Visualization of drug discovery process enhanced by language models

Developing a new drug is a long and expensive process, which often takes 10-15 years and costs more than  US$ 2 billion (Berdigaliyev & Aljofan, 2020). It contains three main steps: understanding the disease and identifying a treatment target, designing an appropriate drug, and testing it in clinical trials. Each step is composed, time-consuming, and resource-intensive, delaying the arrival of new treatments.

Artificial intelligence (AI), especially large language model (LLM), provides promising methods for speeding up this process. LLMs can understand scientific texts, support disease research, help with drug design and clinical testing, and help handle data. Recent models have been used for tasks such as identifying the goals of the drug, automating chemical experiments, and analyzing of clinical knowledge. With further progress, LLM drugs can play an important role in all stages of development, which can help improve efficiency and results.

In the discovery of the drug, scientific languages as  SMILES (used to represent molecules) and FIXED (used for protein and genetic sequences), are crucial to coding biological information. To interpret these formats effectively, two main types of language models are used: special models and general objective models.

2.1 Specialized Large Language Model

Specialized LLM is trained on scientific data and is designed to handle specific languages used in biology and chemistry. These models can extract meaningful patterns from raw research.

In disease research, they help by analyzing gene expression data and DNA sequences and revealing insights such as genetic markers, regulatory elements, and genetic networks. Some protein-based models can predict the structure or function of the protein by analyzing amino acid sequences and improving understanding of the disease system.

In the discovery of the drug, these models help predict chemical reactions, plan synthesis, and suggest new molecules with desired properties.
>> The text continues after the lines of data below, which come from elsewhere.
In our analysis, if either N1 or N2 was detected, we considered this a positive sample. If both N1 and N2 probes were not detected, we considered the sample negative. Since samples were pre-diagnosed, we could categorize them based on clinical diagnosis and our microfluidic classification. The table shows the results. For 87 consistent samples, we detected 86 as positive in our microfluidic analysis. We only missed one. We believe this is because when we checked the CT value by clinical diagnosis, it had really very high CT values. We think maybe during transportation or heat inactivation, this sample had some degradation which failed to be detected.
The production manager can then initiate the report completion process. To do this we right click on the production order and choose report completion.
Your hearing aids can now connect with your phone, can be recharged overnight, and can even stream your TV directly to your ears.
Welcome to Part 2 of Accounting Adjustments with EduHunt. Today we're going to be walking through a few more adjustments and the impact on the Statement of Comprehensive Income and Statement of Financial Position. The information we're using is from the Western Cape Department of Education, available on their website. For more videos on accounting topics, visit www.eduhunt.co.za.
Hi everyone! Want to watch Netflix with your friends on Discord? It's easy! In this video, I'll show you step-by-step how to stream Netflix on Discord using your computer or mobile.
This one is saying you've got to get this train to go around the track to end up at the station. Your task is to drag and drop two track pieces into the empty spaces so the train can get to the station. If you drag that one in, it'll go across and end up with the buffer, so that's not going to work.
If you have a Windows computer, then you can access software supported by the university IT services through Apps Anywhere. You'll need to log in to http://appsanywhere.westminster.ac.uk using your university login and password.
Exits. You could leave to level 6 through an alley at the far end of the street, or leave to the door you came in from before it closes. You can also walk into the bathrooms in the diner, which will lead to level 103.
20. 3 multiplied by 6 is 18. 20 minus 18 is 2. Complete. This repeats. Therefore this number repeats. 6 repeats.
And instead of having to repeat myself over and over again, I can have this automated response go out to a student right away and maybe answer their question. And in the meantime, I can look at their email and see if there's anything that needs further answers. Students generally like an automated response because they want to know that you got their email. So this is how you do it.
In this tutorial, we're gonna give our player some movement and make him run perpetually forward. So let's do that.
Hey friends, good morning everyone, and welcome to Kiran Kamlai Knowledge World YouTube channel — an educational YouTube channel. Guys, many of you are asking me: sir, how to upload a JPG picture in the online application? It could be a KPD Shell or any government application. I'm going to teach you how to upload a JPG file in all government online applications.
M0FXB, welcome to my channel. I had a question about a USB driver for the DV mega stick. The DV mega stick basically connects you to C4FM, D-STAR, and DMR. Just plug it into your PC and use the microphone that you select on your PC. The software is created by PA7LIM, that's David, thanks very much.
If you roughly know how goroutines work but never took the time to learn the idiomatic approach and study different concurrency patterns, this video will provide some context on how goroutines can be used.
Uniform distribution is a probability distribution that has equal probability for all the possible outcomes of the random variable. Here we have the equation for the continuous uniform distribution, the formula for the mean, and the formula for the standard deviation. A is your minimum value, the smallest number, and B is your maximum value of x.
They also support the first safety screening by predicting absorption, metabolism, and toxicity (ADMET).

Usually, these models work to take defined inputs as a protein sequence and a molecule SMILES code and return a prediction, such as binding power or the possibility of interaction.

2.2 General purpose Large language model

General Purpose LLM is trained on a wide range of lessons, including scientific literature, so that they can understand complex biomedical materials and apply it to different fields.

They can review the huge versions of the published data, summarize the findings, create a relationship between genes and diseases, and support the target identity. These models also help explain technical words in single languages, making it easy to understand and communicate scientific material.